Organization Trends

Out of Darkness, Cash: Sixteen Thirty in Action


Out of Darkness, Cash
A Consultancy Hides “Dark Money” | Pop! Goes the Protest | Sixteen Thirty in Action

Summary: With key conservative victories in the Supreme Court have come a host of new left-wing activist groups. But while most of these groups try to pass themselves off as independent organizations, many in the mainstream media fail to look behind the curtain at the professional paid activists who specialize in fake grassroots activism. Meet the Sixteen Thirty Fund, the “dark money” mega-funder behind dozens of “pop-up” protest campaigns propping up Obamacare, backing government control of the Internet, and attacking Trump’s judicial nominees.

Shadow Campaigns and Puppet Shows

Arabella Advisors doesn’t like to advertise just how influential its Sixteen Thirty Fund really is. In 2015, for instance, the firm detailed the work of the Media Democracy Fund, a key funder of the Obama administration’s push for net neutrality regulations that year. The Media Democracy Fund is actually part of Arabella Advisors’ 501(c)(3) New Venture Fund and operates alongside an advocacy arm called the Media Democracy Action Fund. Left unmentioned is that the Action Fund itself isn’t a real organization—it’s a project of the adjacent Sixteen Thirty Fund, Arabella’s go-to advocacy group.

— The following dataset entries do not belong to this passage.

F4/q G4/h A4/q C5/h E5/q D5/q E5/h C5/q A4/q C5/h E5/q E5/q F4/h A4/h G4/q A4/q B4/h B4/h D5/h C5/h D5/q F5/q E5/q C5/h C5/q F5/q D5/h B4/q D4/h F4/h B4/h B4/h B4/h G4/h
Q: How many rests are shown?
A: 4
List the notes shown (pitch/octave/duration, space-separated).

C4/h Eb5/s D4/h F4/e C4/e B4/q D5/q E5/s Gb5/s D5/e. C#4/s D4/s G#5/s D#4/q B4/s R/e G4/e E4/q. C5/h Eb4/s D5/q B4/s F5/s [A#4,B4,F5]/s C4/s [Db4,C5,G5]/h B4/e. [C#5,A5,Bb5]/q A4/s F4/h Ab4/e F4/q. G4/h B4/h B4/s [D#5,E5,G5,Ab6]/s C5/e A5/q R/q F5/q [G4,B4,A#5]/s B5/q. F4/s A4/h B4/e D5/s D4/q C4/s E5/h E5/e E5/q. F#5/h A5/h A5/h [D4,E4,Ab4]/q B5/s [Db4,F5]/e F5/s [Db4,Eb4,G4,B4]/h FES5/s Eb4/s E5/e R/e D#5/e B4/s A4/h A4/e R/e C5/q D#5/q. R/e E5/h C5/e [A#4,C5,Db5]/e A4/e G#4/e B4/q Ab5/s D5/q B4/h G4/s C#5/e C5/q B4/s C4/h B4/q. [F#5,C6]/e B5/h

This kind of obfuscation is par for the course with Arabella Advisors, which often advertises the accomplishments and goals of one organization or another—either a group hosted by the New Venture Fund or a group hosted by the Sixteen Thirty Fund—but rarely both. One possible explanation is that the company wants to be viewed as prestigious philanthropy advisers and not as string-pulling schemers—or worse, grubby campaign hacks.

Regardless, that distance frees Arabella from playing electoral politics by shifting its political and lobbying agenda (and that of its clients) to its mega-nonprofits, most notably Sixteen Thirty Fund.

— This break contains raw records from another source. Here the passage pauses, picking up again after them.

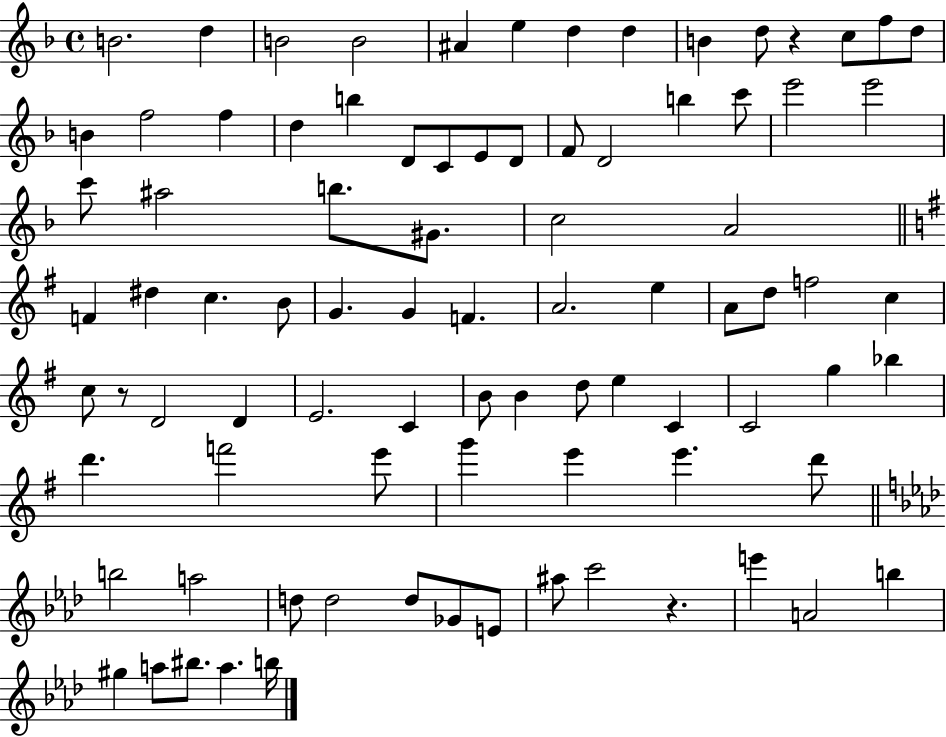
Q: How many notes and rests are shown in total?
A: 87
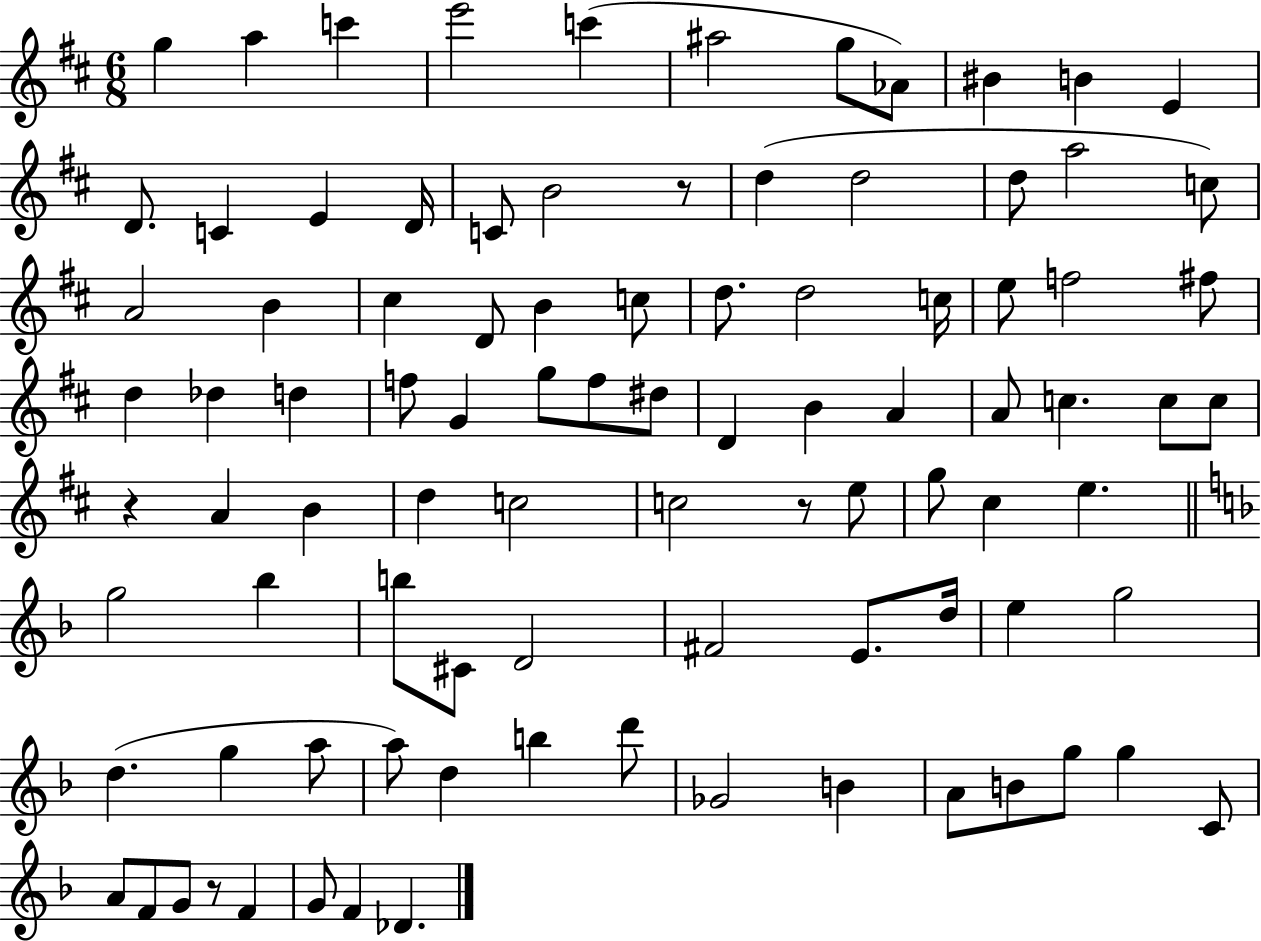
X:1
T:Untitled
M:6/8
L:1/4
K:D
g a c' e'2 c' ^a2 g/2 _A/2 ^B B E D/2 C E D/4 C/2 B2 z/2 d d2 d/2 a2 c/2 A2 B ^c D/2 B c/2 d/2 d2 c/4 e/2 f2 ^f/2 d _d d f/2 G g/2 f/2 ^d/2 D B A A/2 c c/2 c/2 z A B d c2 c2 z/2 e/2 g/2 ^c e g2 _b b/2 ^C/2 D2 ^F2 E/2 d/4 e g2 d g a/2 a/2 d b d'/2 _G2 B A/2 B/2 g/2 g C/2 A/2 F/2 G/2 z/2 F G/2 F _D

Nowhere is that better illustrated than with Demand Justice, the Fund’s judicial agitation group and an “AstroTurf” case-in-point. It was created in early 2018 to protest the Trump administration’s judicial nominees. Demand Justice presents itself as an independent group, unlinked to Arabella Advisors or the Sixteen Thirty Fund. CRC first reported on the group in July, before it earned national prominence, later identifying it as a project of the Sixteen Thirty Fund.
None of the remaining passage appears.